Image-caption web data

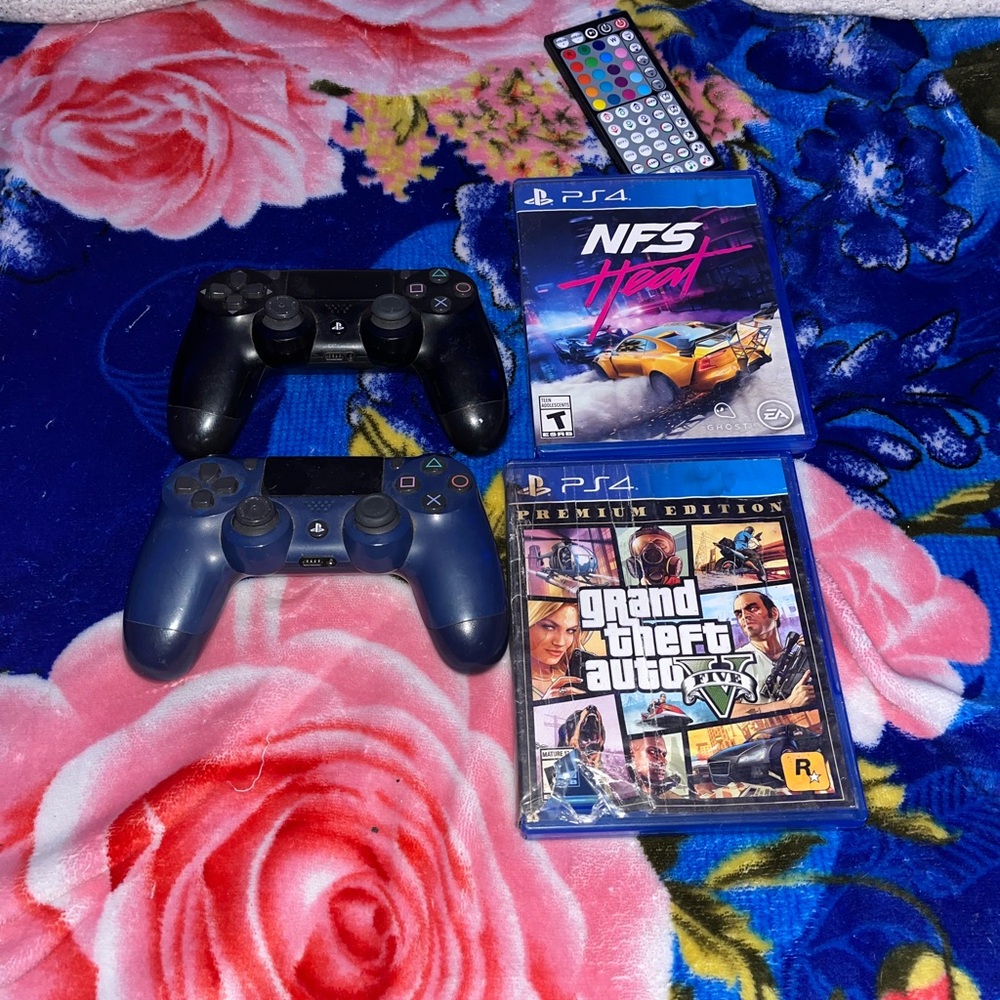 Sony PlayStation 4 DualShock Controllers - Black and Blue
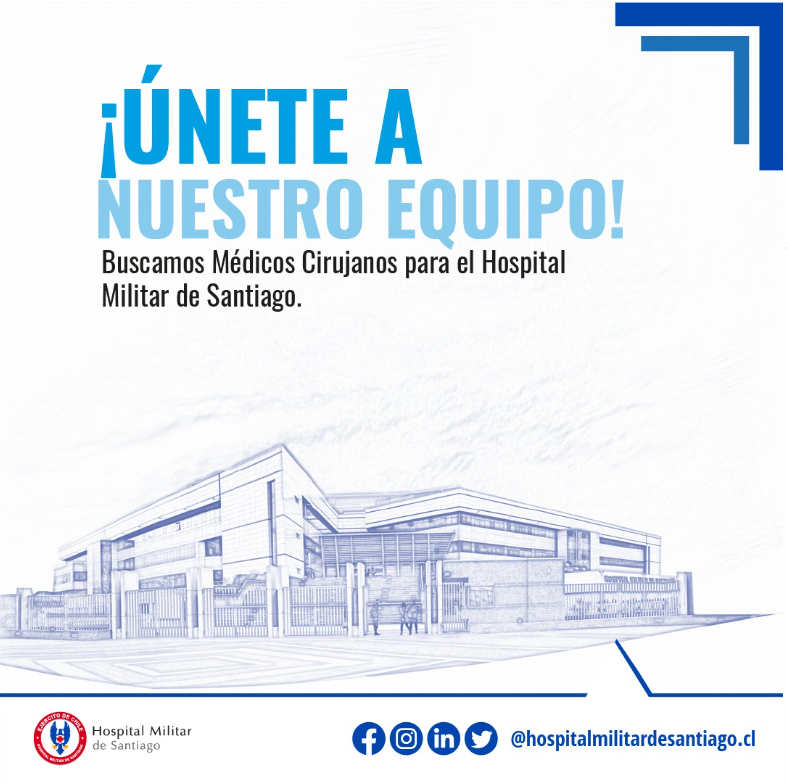 ¡Aquí hay una oportunidad¡ 📌Si buscas aprender y unirte a un gran equipo de trabajo, postula al @HosMilSantiago con 90 años de experiencia y vanguardia 📌Buscamos médicos cirujanos, como residentes de cirugía ¡Te esperamos! 📌Más antecedentes aquí👉 bit.ly/3PvpiCR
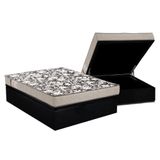 Cama Box Bau Casal Colchao Espuma Ortobom D26 Physical Ultra Resistente Base Crc Suede Black 138x188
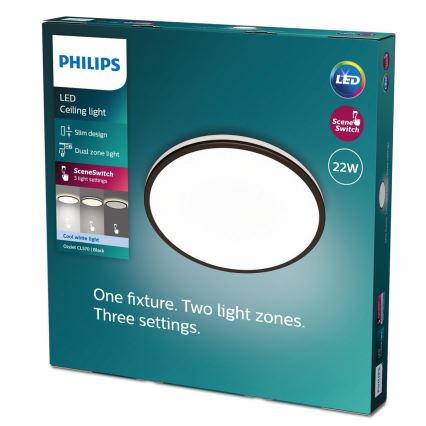 Philips - LED Plafon ściemnialny SCENE SWITCH LED/22W/230V śr. 40 cm 4000K czarny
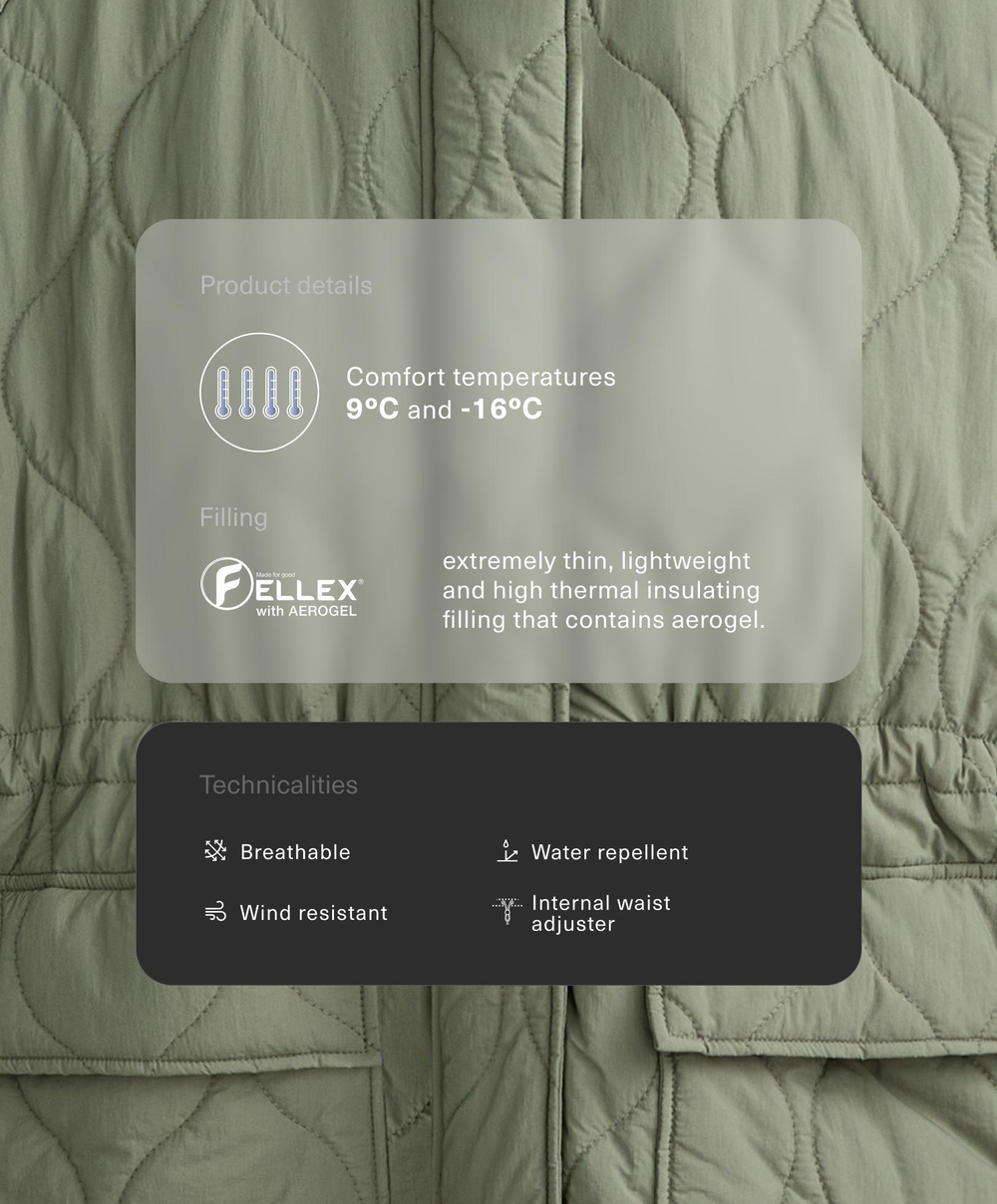 Oysho Легкая водоотталкивающая куртка FELLEX® AEROGEL с утеплителем, хаки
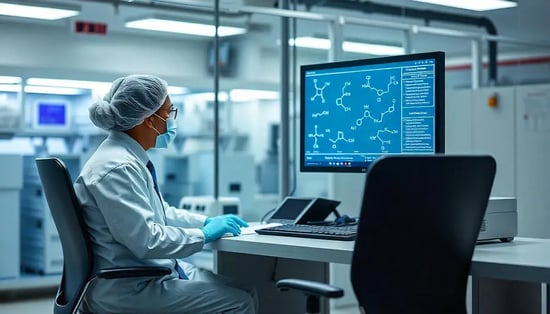 Cleanroom operator analyzing some chemical chains a computer screen.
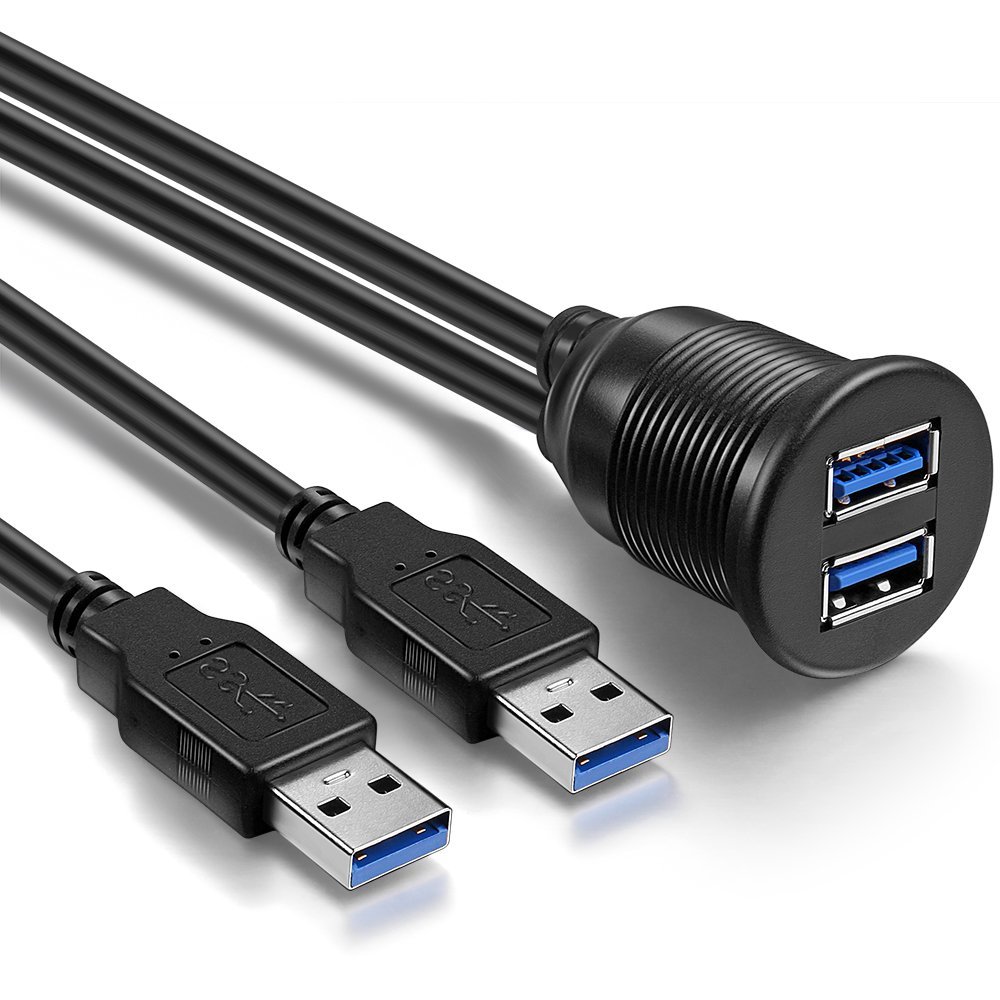 Dual USB 3.0 Male to Female Dashboard Cable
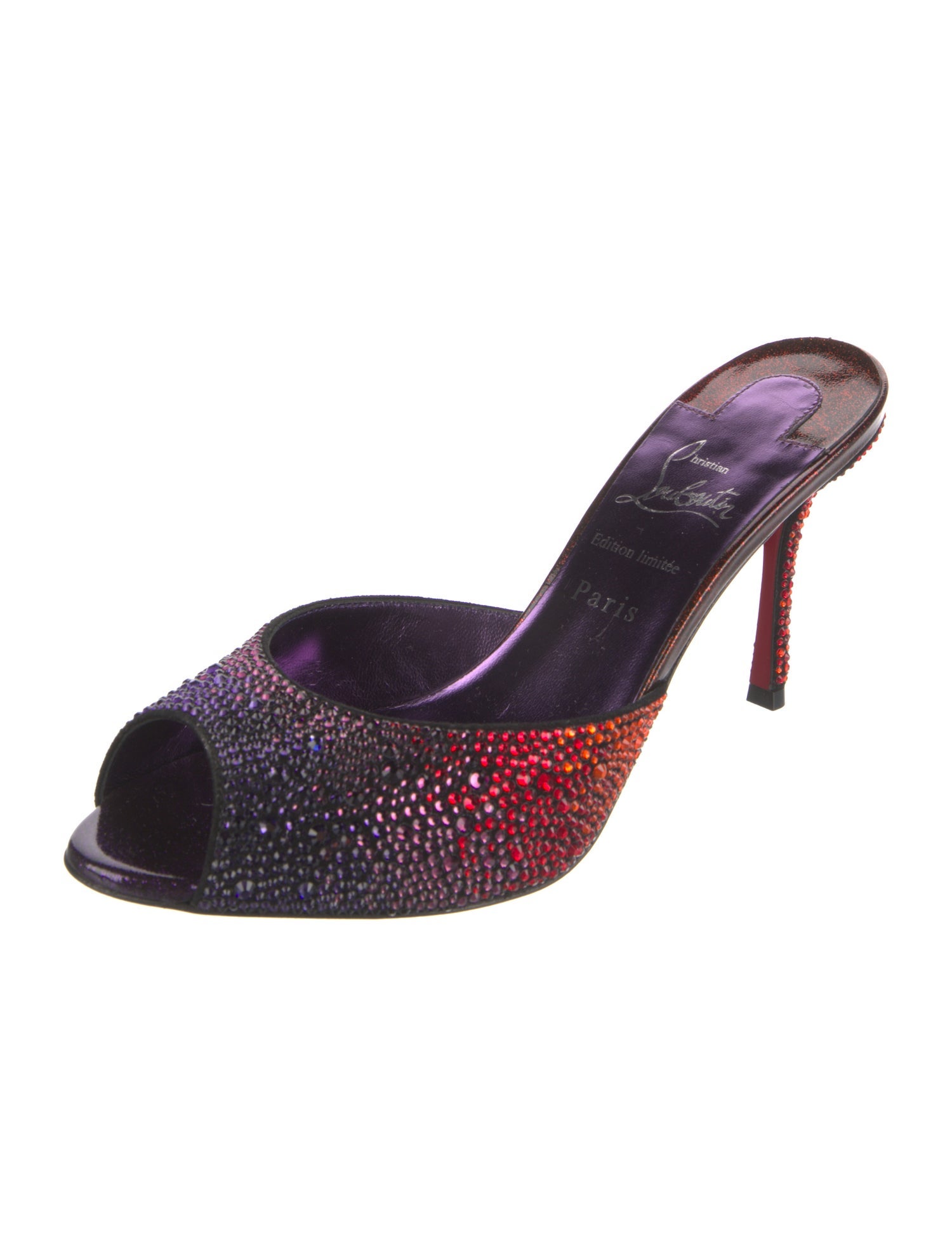 Christian Louboutin Patterned Crystal Embellishments Mules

**Problem requirements:** Where pictures appear, omit them, and transcribe exactly, with nothing else, the lines from the line with "Oysho Легкая водоотталкивающая" through the final line of the records above, both ends included.

**Response for this exercise:**
 Oysho Легкая водоотталкивающая куртка FELLEX® AEROGEL с утеплителем, хаки
 Cleanroom operator analyzing some chemical chains a computer screen.
 Dual USB 3.0 Male to Female Dashboard Cable
 Christian Louboutin Patterned Crystal Embellishments Mules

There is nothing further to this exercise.